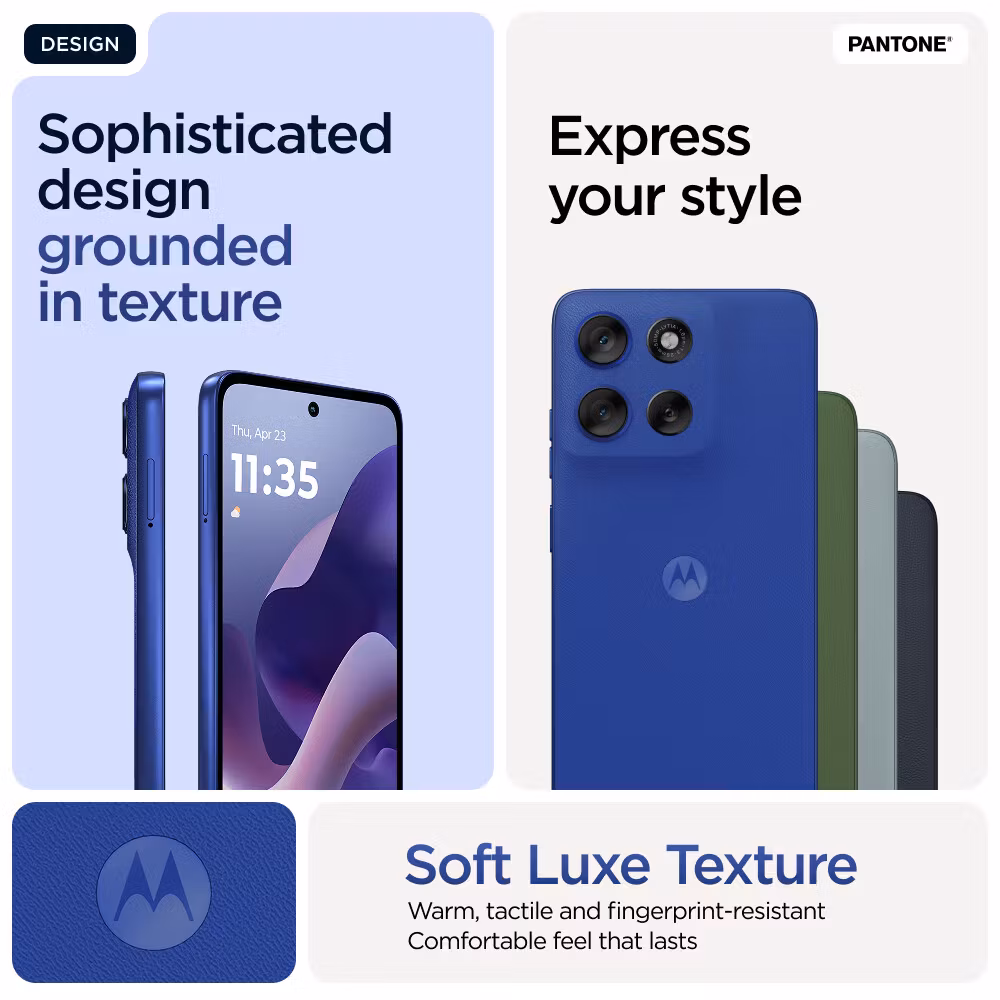 Motorola moto g56 6,7" 5G 8GB 256GB Blå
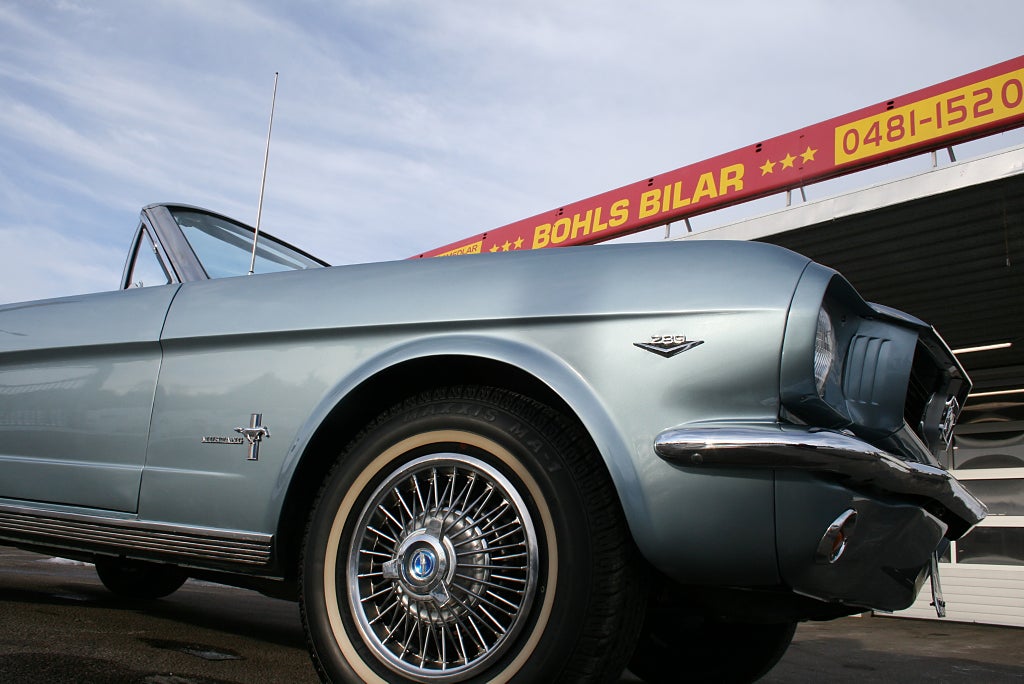 Ford Mustang Cabriolet V8 Cruise-O-Matic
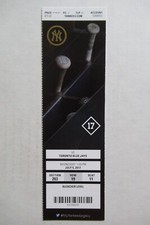 NEW YORK YANKEES VS TORONTO BLUE JAYS 7/5/2017 FULL TICKET ~ AARON JUDGE HR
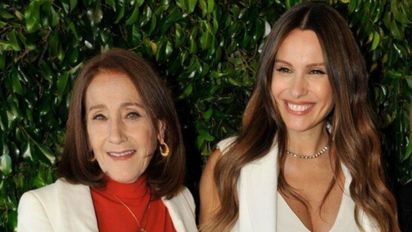 Quién es Thania Dos Santos, la mamá de Pampita que está alejada de los medios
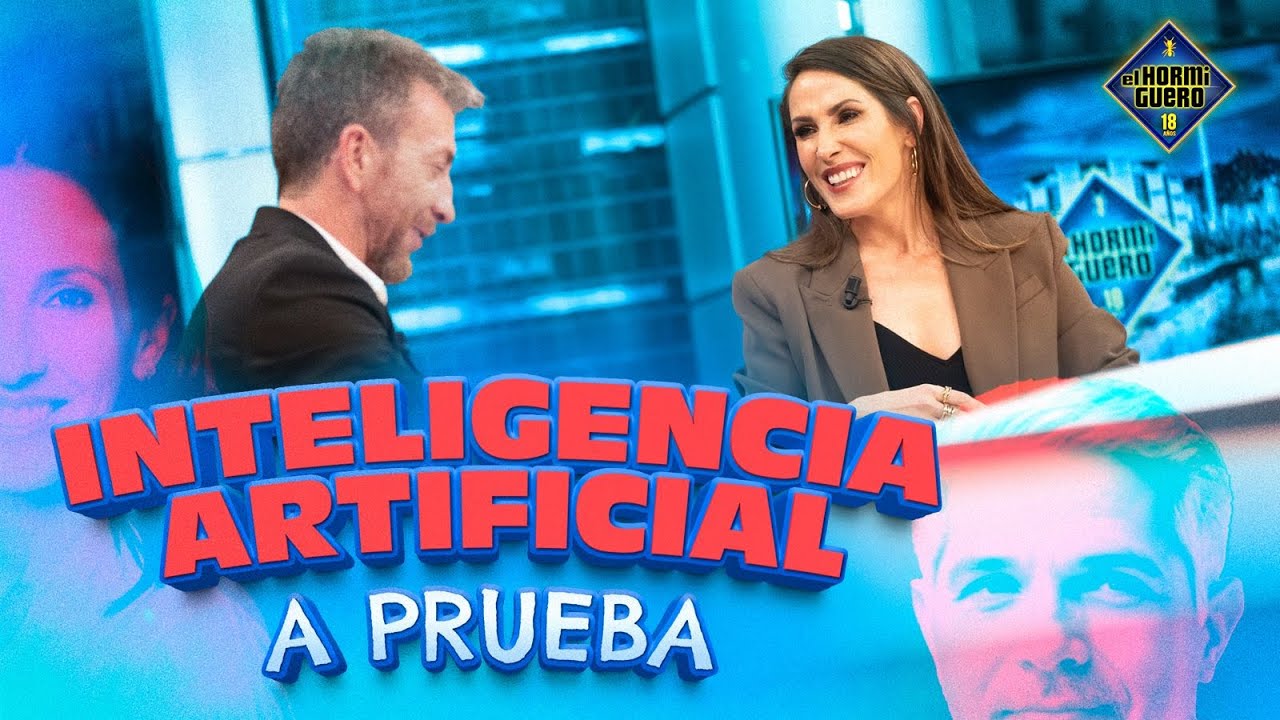 Descubriendo a famosos envejecidos con IA - El Hormiguero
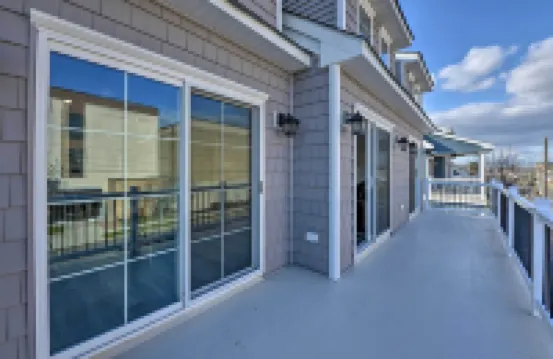 新建的北野木住宅，有私人游泳池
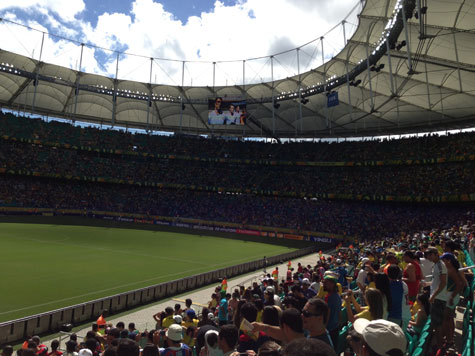 Copa do Mundo: Mais de dois milhões de pessoas compareceram aos estádios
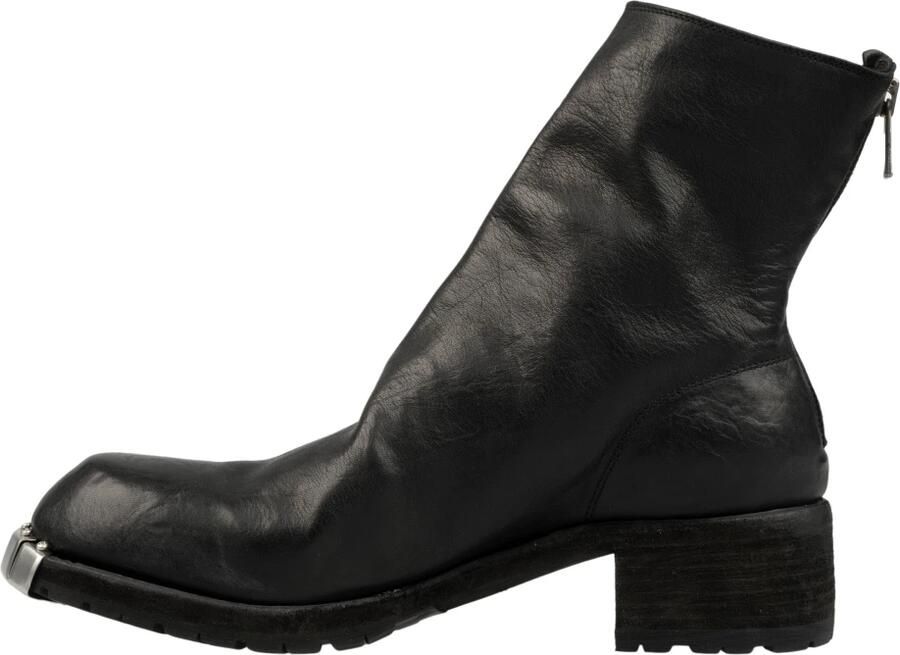 Guidi Double Heel Metal Clad Toe Back Zip Boots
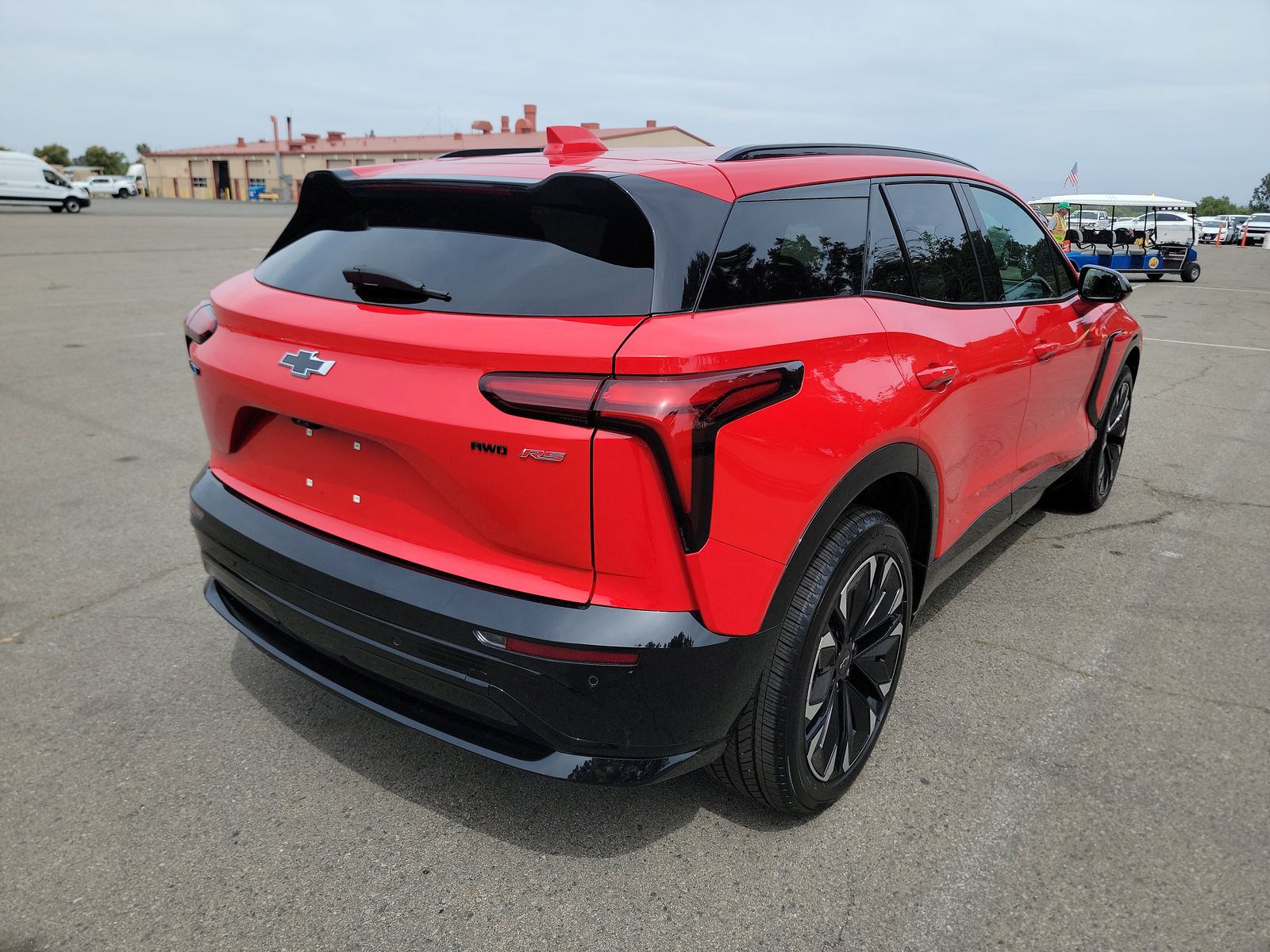 CHEVROLET EAWD 1RS - 5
━━━━
Problem to work on:
From the line that contains "NEW YORK YANKEES" to the last line of the data above, inclusive, transcribe every line exactly and only those lines, omitting pictures.

Written solution:
 NEW YORK YANKEES VS TORONTO BLUE JAYS 7/5/2017 FULL TICKET ~ AARON JUDGE HR
 Quién es Thania Dos Santos, la mamá de Pampita que está alejada de los medios
 Descubriendo a famosos envejecidos con IA - El Hormiguero
 新建的北野木住宅，有私人游泳池
 Copa do Mundo: Mais de dois milhões de pessoas compareceram aos estádios
 Guidi Double Heel Metal Clad Toe Back Zip Boots
 CHEVROLET EAWD 1RS - 5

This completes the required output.